(DATASET EXCERPTS Opens)

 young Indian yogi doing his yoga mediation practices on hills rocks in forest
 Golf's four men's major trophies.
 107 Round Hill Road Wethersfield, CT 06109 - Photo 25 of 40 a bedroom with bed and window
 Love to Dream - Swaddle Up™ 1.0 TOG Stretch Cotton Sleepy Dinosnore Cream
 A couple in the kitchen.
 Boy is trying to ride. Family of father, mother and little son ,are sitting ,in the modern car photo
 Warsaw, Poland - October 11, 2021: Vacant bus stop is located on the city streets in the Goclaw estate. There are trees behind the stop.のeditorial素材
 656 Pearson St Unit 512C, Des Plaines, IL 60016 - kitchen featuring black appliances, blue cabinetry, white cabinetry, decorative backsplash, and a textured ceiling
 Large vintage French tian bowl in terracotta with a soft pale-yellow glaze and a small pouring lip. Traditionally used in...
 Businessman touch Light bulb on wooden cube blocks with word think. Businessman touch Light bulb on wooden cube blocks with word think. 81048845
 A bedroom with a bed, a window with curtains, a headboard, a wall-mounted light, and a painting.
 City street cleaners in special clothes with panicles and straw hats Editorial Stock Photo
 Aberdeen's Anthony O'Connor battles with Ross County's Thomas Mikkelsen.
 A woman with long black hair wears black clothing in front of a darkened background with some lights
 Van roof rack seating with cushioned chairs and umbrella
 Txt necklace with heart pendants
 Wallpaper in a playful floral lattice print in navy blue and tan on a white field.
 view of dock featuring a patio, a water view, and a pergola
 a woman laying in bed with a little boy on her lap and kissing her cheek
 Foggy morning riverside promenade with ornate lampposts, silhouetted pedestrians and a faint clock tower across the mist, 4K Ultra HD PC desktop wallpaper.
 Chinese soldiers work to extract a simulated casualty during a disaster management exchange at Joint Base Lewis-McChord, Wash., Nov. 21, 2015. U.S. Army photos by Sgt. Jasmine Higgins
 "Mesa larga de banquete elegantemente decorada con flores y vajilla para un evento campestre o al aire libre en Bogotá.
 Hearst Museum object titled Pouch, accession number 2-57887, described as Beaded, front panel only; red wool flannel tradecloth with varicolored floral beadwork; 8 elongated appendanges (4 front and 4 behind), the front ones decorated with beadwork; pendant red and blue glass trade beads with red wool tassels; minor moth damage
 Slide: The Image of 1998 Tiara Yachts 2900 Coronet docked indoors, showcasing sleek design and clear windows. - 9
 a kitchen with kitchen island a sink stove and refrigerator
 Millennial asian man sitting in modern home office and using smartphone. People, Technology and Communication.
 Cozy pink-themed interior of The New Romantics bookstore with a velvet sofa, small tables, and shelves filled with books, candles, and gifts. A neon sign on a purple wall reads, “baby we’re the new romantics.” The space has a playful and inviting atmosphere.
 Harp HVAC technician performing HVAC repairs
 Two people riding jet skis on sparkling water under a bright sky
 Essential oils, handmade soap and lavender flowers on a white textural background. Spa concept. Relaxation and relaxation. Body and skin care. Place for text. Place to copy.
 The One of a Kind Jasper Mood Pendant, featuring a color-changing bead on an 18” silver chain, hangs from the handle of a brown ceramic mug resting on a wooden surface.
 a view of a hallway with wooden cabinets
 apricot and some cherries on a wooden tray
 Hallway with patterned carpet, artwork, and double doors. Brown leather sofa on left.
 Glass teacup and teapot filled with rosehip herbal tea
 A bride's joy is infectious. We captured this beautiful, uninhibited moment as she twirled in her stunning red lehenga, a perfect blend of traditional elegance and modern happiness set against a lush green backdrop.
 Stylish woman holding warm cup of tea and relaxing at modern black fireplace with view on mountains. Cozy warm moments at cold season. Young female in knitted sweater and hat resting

(DATASET EXCERPTS Closes)

→ **TASK TO COMPLETE**: Within the records, on how many lines does the word "featuring" appear? Provide the number alone.

→ **WRITTEN RESPONSE**: 3